Audeze talks to engineer, artist and designer Chris Henderson

noviembre 12, 2022

Audeze talks to engineer, artist and designer Chris Henderson

Chris Henderson is the owner and designer for Hendyamps studio gear and guitar amplifiers, a platinum certified mastering engineer, musician, music sync artist, score composer, studio owner, and videographer. Chris has been obsessed with music for as long as he can remember and will probably be so until the day he dies.

 Chirs Henderson works on a piece of gear with his Audeze LCD-X headphones

"The LCD-X headphones have allowed me to dive into the nuances of the gear I build in a level of detail that is unmatched!" - Chris Henderson
Here's our talk with Chris:
Can you pick out any highlights from your work that you're particularly proud of?
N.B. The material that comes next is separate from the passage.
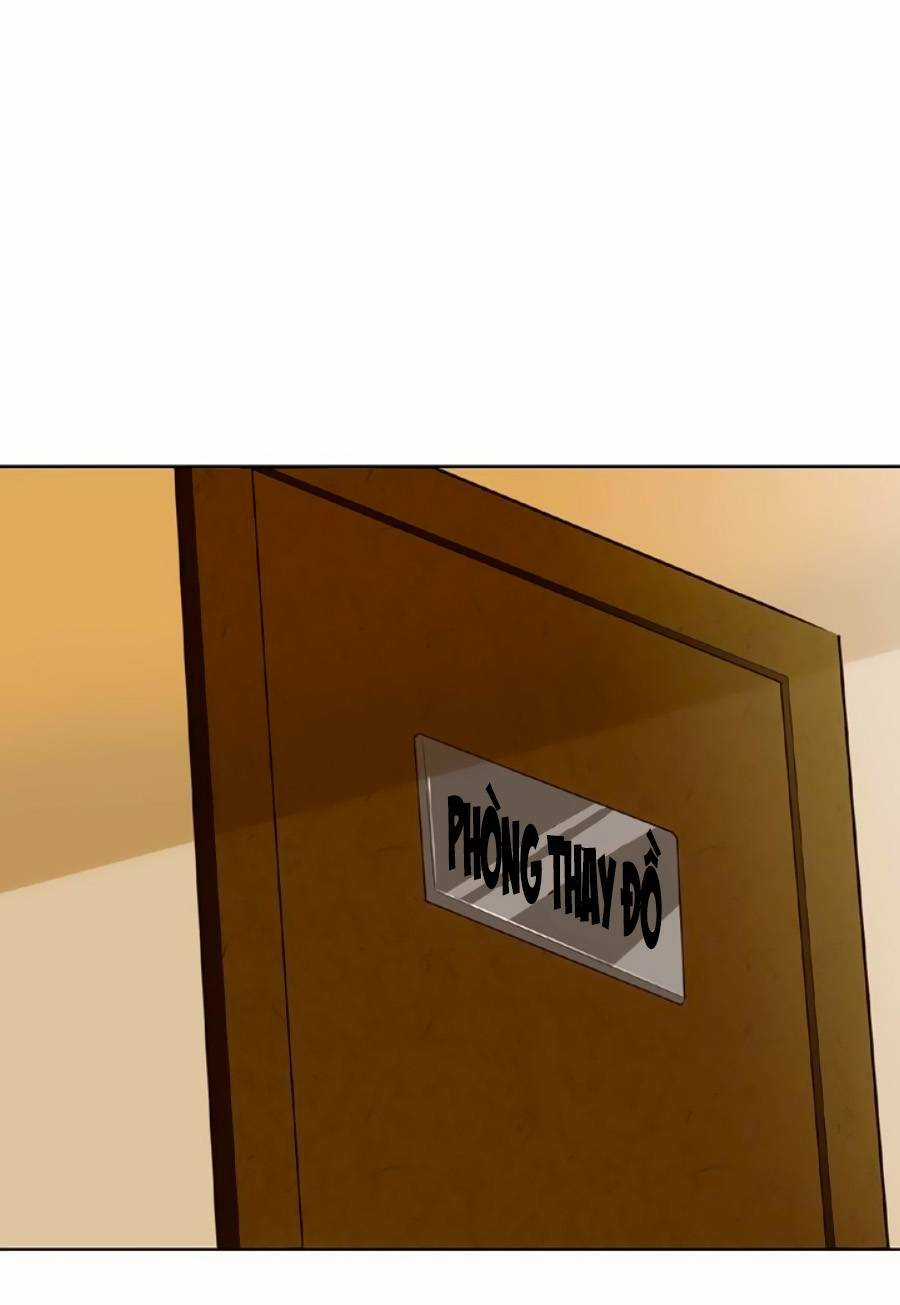 Kế Hoạch Công Lược Của Cô Vợ Gả Thay Chapter 9 trang 17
Well, if I were to stick to the top three for me on a personal level, it would probably be:

1. The moment I figured out that I had designed and built gear that now resides in studios on every continent on the planet (except Antarctica…lol) and that somewhere around half the Grammy nominated songs that year ran through my gear at some point in the hardware chain.  It was a pretty humbling experience because my perspective as a designer is that my gear sucks until proven otherwise in order to keep my bias as limited as possible, and that experience finally allowed me to not be so hard on myself - ha!

2. Growing up, one of my favorite bands was a Prog Rock band named Dream Theater.  Throughout high school and early college I was mesmerized by their musicianship and journey as a band throughout the 1990’s and always wanted to actually meet them one day.  Well it came as a bit of a shock to me when they one day asked me to send them a piece of gear I had not even released yet so they could use it for their new upcoming album.  That was a surreal experience!
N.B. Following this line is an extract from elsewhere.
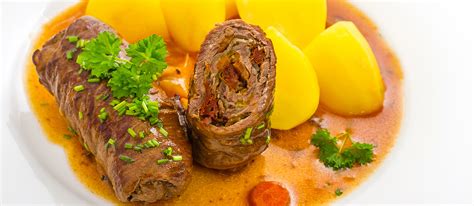 rouladen-traditional-beef-dish-from-germany image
3. My studio manager (Landon Hook) and I have been writing and tracking cello and piano based music for a few years, primarily for fun and also for demo content for Hendyamps gear, but one day we were contacted by a film director who desperately wanted to use several of our songs for a documentary he was putting together.  That is great and all (we have received a lot of those requests) but then I realized that Joachim Phoenix and Rooney Mara were the executive producers of this film and I about lost my mind.  Joachim Phoenix is easily my favorite actor of all time and to be working on that film was a dream come true!

How would you define your main role on most of the projects you work on these days?
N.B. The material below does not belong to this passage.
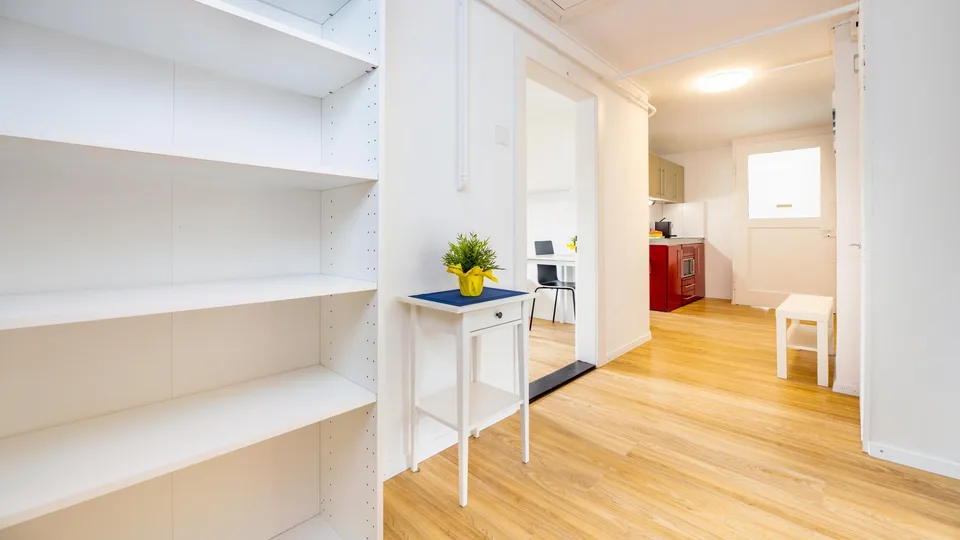 Chambre 13 / Chambre meublée en colocation dans le centre d'Altdorf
It depends on the project to be honest.  That being said, I suppose I am the Chief OCD Officer…lol.  I have a tendency to become obsessed with whatever I am working on, but that probably stems from the fact that I really love what I do.  I always have a tone, idea, or vision in my head and just become transfixed on it, and then refuse to let it go until I can somehow make it happen.  It is that way with designing gear, mastering, recording artists, writing music… all of it.  My mind just does not let me stop or come up for air until I can see it through.

How did you get started in music? What kind of music did you listen to while growing up and how has that progressed?

I don’t actually remember a time when I was not in music.  I grew up playing piano, keyboards, then branched out into guitar, bass, and finally into recording and production. I grew up actually listening to a wide variety of music and always felt at home with rock, metal, classical, new age, world, Celtic, synth based, punk, etc.  For me the different styles were really incidental and less important than finding those artists that truly were interested in making art as opposed to over-produced products designed to appeal to the masses.  I was always drawn to the interesting, the passionate, the cerebral, and the truly profound, and whatever genre it happened to be in just meant I liked that genre too for that time.  
Even as a gear designer I have retained this perspective and routinely find myself often reminding customers that at the end of the day music is supposed to be fun, exciting, heartbreaking, and fulfilling, and if the gear you are using does not assist you in this then you need to find new gear!  In this industry what we do should be constantly fulfilling, and anything that hinders that end must be eradicated where possible.

Can you name any factors that influenced the course of your musical life? Heroes, role models, moments, interactions, etc?

The biggest thing that has continually inspired me is actually Socrates in that he claimed that the unexamined life is not worth living.  It has taught me to always ask “why?” and simply never accept trite and typical answers.  As well, in one of his dialogues we see him having a debate with a friend regarding a topic on which they found themselves at odds.  By the end of the debate Socrates’ friend states that he has been convinced that Socrates is right, to which Socrates responds hilariously that he too has been convinced and they both had changed sides!  This commitment to exploration with an open mind has been my driving force in my musical career as well as design career as it has freed me to always look for new and unconventional solutions, holding nothing as axiomatically correct, but going forward with an open mind and excitement for the future and new fun that can be had in music!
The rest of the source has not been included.